How, then, can the combination of technology and business promote performance? At a strategic level, we have already approached the topic. Still, if we are talking about increasing profits, we must introduce the topics of developing new products and services, enhancing the employee experience, and, of course, customer experience.
New products, services, and business models
Pervasive technology adoption transforms the business into a data-driven organization. In addition to experience, skills, and intuition, decisions are guided by data, i.e., by a scientific basis that can be further enhanced by adopting artificial intelligence models. In this way, managers can understand the phenomena, predict specific trends and make decisions that will inevitably benefit revenues, costs, and profits.
In particular, companies can exploit the predictive power of AI to intercept growing trends and intervene by enhancing their offer, which means creating new products and services in line with market needs. In highly competitive sectors such as fashion and retail, being able to anticipate consumption trends is a guarantee of revenue acceleration.
Data can reveal great market opportunities and suggest substantial interventions to your business model. Think of the refocusing of part of the corporate environments to coworking areas, which in addition to ensuring an increase in collaboration by different professionals, certainly increases revenues.
The impact of technology on the employee experience
The combination of technology and business strongly impacts the employee experience. In fact, let’s remember that technology is the enabler of smart and hybrid work, an innovative model aimed at improving productivity and, consequently, revenues and profits.

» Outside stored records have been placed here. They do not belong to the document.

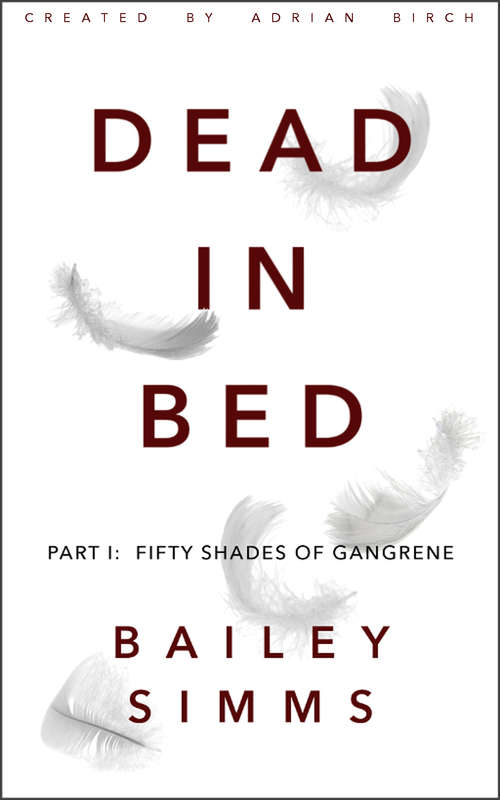 Book cover of DEAD IN BED by Bailey Simms: Fifty Shades of Gangrene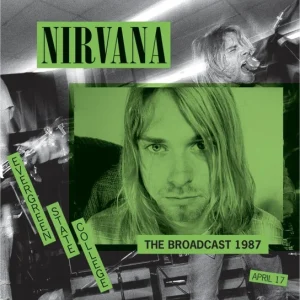 Nirvana - The Broadcast 1987  LP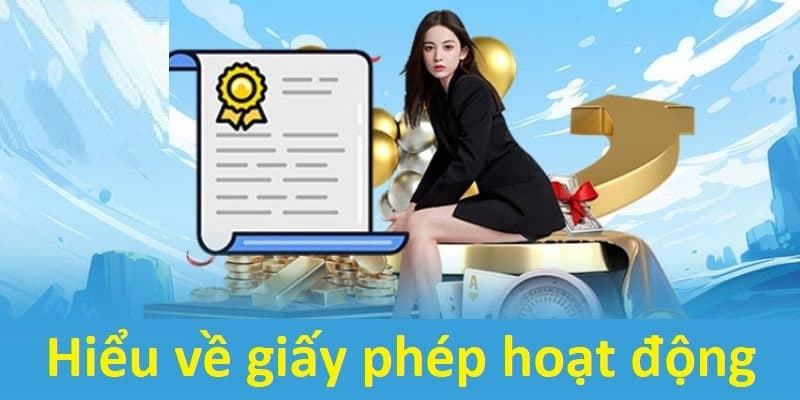 Lợi ích khi nắm rõ giấy phép hoạt động EE88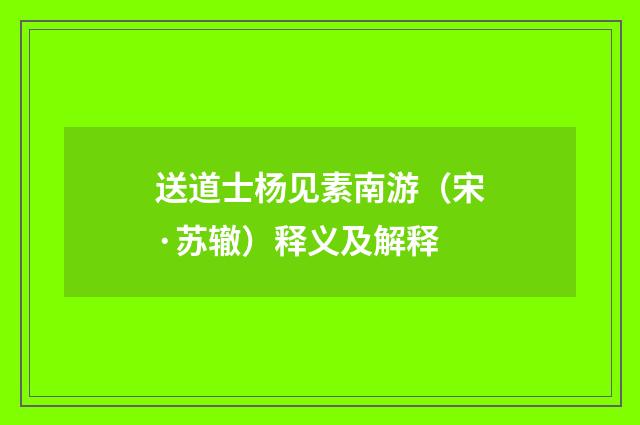 送道士杨见素南游（宋·苏辙）释义及解释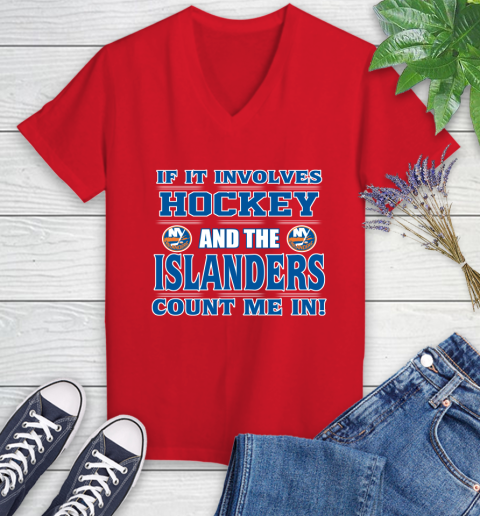 NHL If It Involves Hockey And The New York Islanders Count Me In Sports Women's V-Neck T-Shirt 12
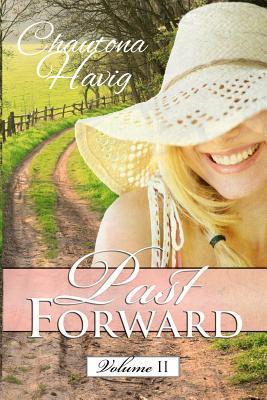 Past Forward: Volume II (Past Forward, #6-9)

Indirectly, an excellent digitally-enabled employee experience improves the relationship between the company (which is made up of people) and its customers, with a major impact on financial results.
Wanting to give a specific example, in the world of the contact center, artificial intelligence is used to enhance the activity of the agents, i.e., to provide them with materials in real time and suggestions on how to manage the relationship with the interlocutor best. The result is more fluid work, less conditioned by repetitive activities, and more rewarding; on the other hand, there is more satisfaction for the customer, who, in this way, is encouraged to buy.

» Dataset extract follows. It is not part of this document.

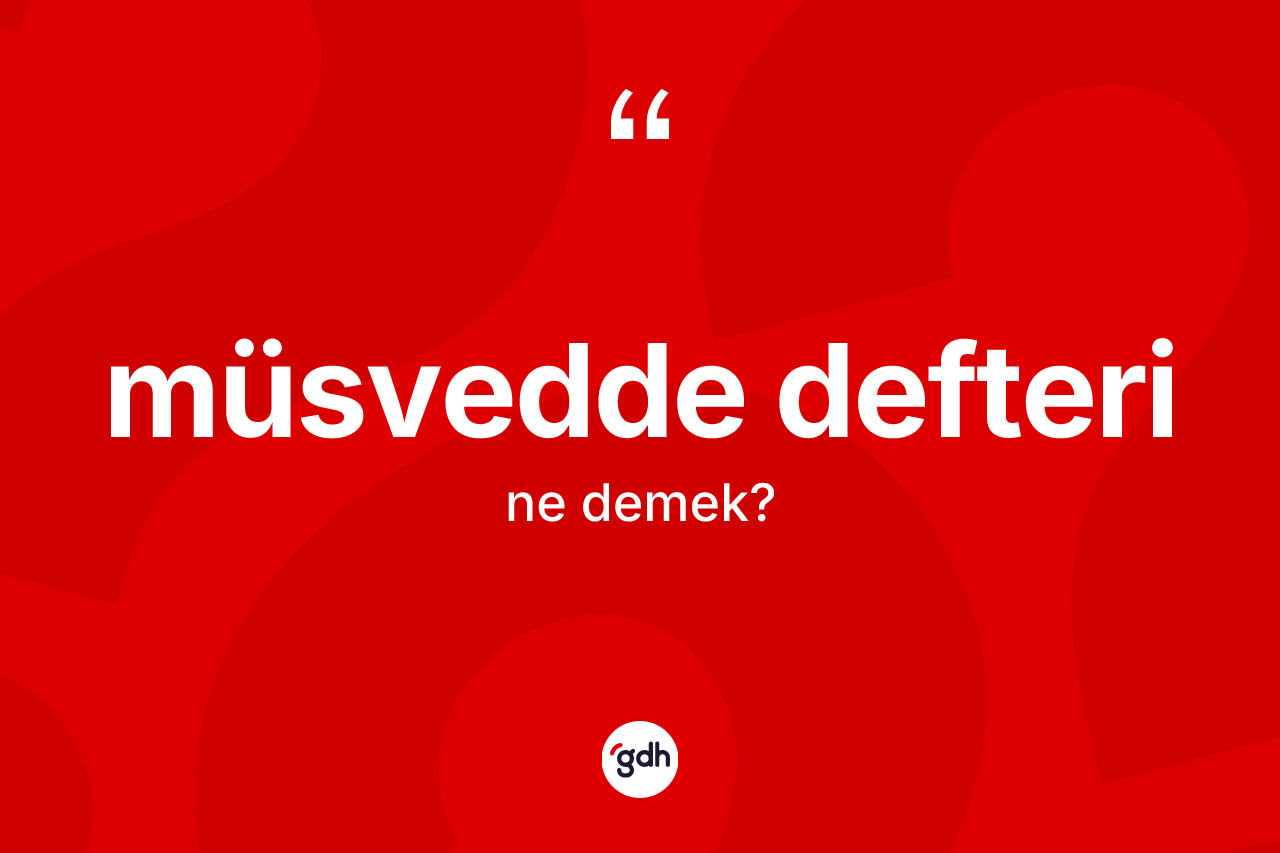 Müsvedde defteri kelimesinin sözlükteki tanımı nedir? Müsvedde defteri kelimesinin TDK anlamı nedir?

Entrepreneurs should focus attention on agile working for another reason as well. Smart/hybrid working is indeed an opportunity to save on spaces and services, but it is also the only work model concretely conceived by young talents. If they want to remain competitive in the future, there is no other way.
Always keeping an eye on customer satisfaction.

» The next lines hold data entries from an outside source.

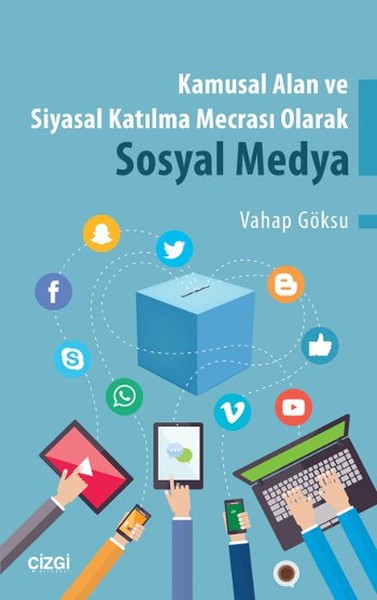 Kamusal Alan ve Siyasal Katılma Mecrası Olarak Sosyal Medya Vahap Göks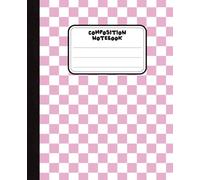 Pink Checkered Composition Notebook: Lined Journal for School, Work, and Everyday Writing | Cute Pink Checkerboard Cover | 100 Pages for Students, Teachers, and Kids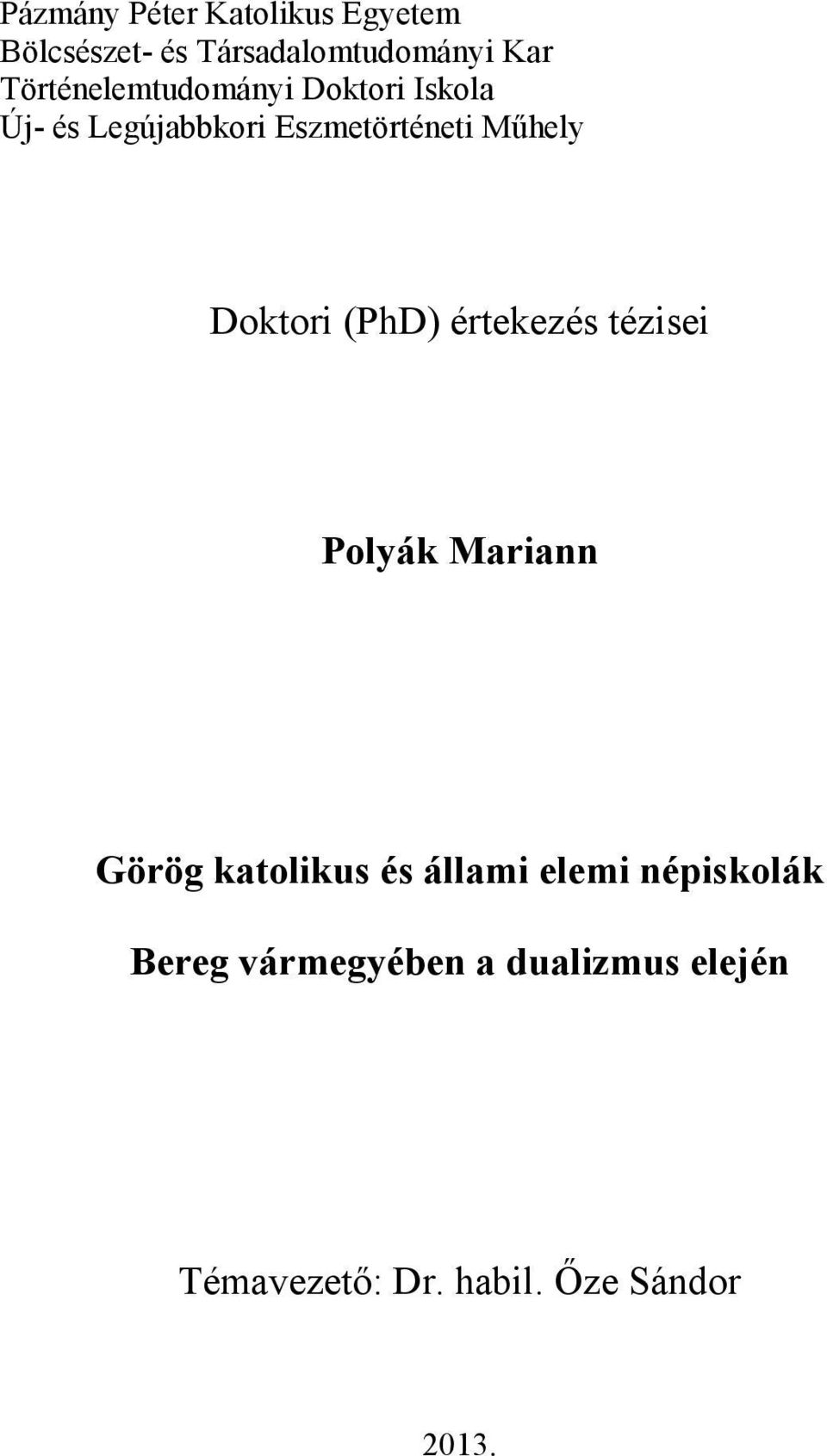 Doktori (PhD) értekezés tézisei Polyák Mariann Görög katolikus és állami elemi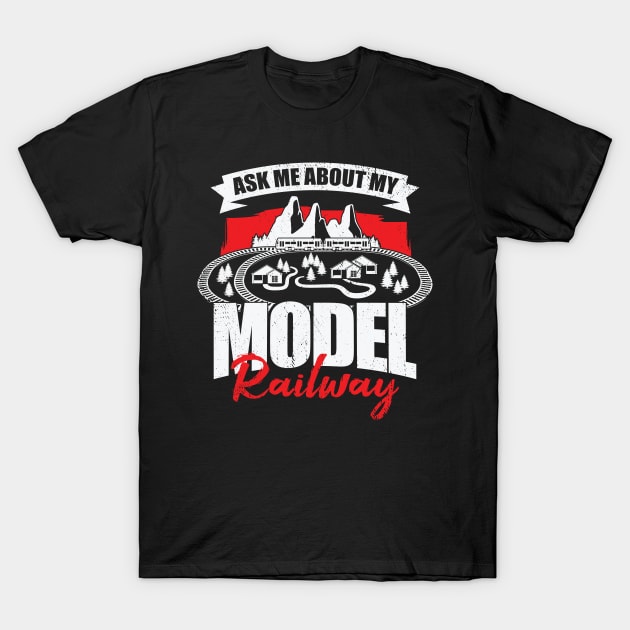 Ask Me About My Model Railway T-Shirt by Dolde08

It may seem trivial, but to sell more, you need to increase the number of customers and retain and increase the value of existing ones. This is why the first goal of digital must be to optimize the customer experience (CX, customer experience), which is far from trivial in an era characterized by complex purchasing paths, ever-growing (customer) needs, and the multiplication of contact channels with companies.
According to research by PwC, 73% of people consider CX as a determining factor in purchasing decisions, and 42% would pay more to get a rewarding experience. Furthermore, companies can measure the quality of CX with indicators, such as the ubiquitous Net Promoter Score (NPS). Through platforms, software, and applications, technology can have a disruptive impact on CX at any level. In particular, it can:
- simplify online purchase paths;
- personalize the relationship with companies through hyper-profiled marketing activities;
- optimize sales processes in B2B;
- introduce automated ticket and customer relationship management systems;
- enable eCommerce systems integrated with business processes (logistics, administrative, financial);
- help the company to enable omnichannel both as a sales process and as a customer relationship.
The results of the investment in CX depend from one case to another, but they impact both the acquisition of new customers and – and above all – the increase in value of existing ones. They resulted in the acceleration of revenues and profits.